Decades went by. The narrator and
Hoja taught each other so much that they both became advisers to the Sultan.
Finally, as Hoja explains in the concluding chapter, the narrator went
back to Italy. Or was it Hoja who went back and the narrator who stayed?
It is impossible to tell. Their identities have become interchangeable.
The surface message of this is obvious.
As Hoja reports the sultan asking: "Was it not the best proof that
men everywhere were identical with one another that they could take each
other's place?"
But the appeal of "The White
Castle" lies deeper. It resides in the odd marriage of Western rationalism
and Eastern religious faith that occurs, for example, when the narrator
tricks the sultan into taking sanitary precautions against a plague that
is sweeping Istanbul: "His mind accepted the idea that the plague
was like a devil trying to deceive him by taking on human form; he decided
not to allow strangers into the palace; comings and goings were kept under
strict supervision."
The appeal also resides in the irony
that when the narrator had taught Hoja all he knew about fireworks, engineering
and mathematics, both men were assigned by the sultan to design the ultimate
war machine, a thing of wheels and levers that men called "freak,
insect, satan, turtle archer, walking tower, iron heap, red rooster, kettle
on wheels, giant, cyclops, monster, swine, gypsy, blue-eyed weirdie"
that ended up mired in a swamp when the sultan's army tried unsuccessfully
to storm the white castle in Doppio in the Carpathian Mountains.
And beyond all messages and ironies
lies the substance of the novel: the narrator's relation to Hoja, which
begins in subservience, proceeds through a rivalry demanding the most
painful introspection, and ends in brotherly love.
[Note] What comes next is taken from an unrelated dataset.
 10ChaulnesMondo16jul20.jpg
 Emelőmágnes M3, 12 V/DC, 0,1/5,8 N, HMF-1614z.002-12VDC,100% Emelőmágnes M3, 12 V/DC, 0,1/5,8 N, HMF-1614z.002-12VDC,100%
That unattainable castle suggests
Kafka, of course. The echoing word patterns recall Nabokov. The interplay
of science and fantasy makes one think of Italo Calvino. But Orhan Pamuk
who has published four previous novels in Turkish, has traveled
widely throughout Europe and the United States and has been a visiting
fellow in the writing program at the University of Iowa is his
own man, too.
Near the end of "The White Castle"
an actual 17th-century travel writer named Evliya Chelebi visits Hoja
(or is it the narrator?), having heard of him from the narrator (or is
it Hoja?). Upon learning that the author (whoever he may be) is writing
the book we have just read, he advises him to "search for the strange
and surprising in the world, not within ourselves!" He continues:
"To search within, to think so long and hard about our own selves,
would only make us unhappy."
As the text reports, Evliya "was
so pleased with what I had told him that he decided to give me pleasure
too, and told me about the tightrope walkers disappearing into the skies
of Acre, the woman of Konya who gave birth to an elephant, the blue-winged
bulls by the shores of the Nile, pink cats, the clock tower of Vienna,
the false front teeth he'd had made there and which he now displayed in
a grin, the talking cave on the beach of the Sea of Azov, the red ants
of America."
But these strange wonders do not
bring promised joy. "For some reason these stories prompted a strange
melancholy, I felt like crying. The red glow of the setting sun flooded
my room. When Evliya asked if I, too, had amazing tales like these, I
thought I'd really surprise him and invited him and his servants to stay
the night: I had a story that would delight him, about two men who had
exchanged lives."
So appropriately ends a happily exotic
book about the pain of self-examination. And so for the length of a novel
there occurs a transcendent blending between what Mr. Pamuk apparently
sees as the too inner-directed West and the too outer-directed Middle
East. For an instant, the twain meet.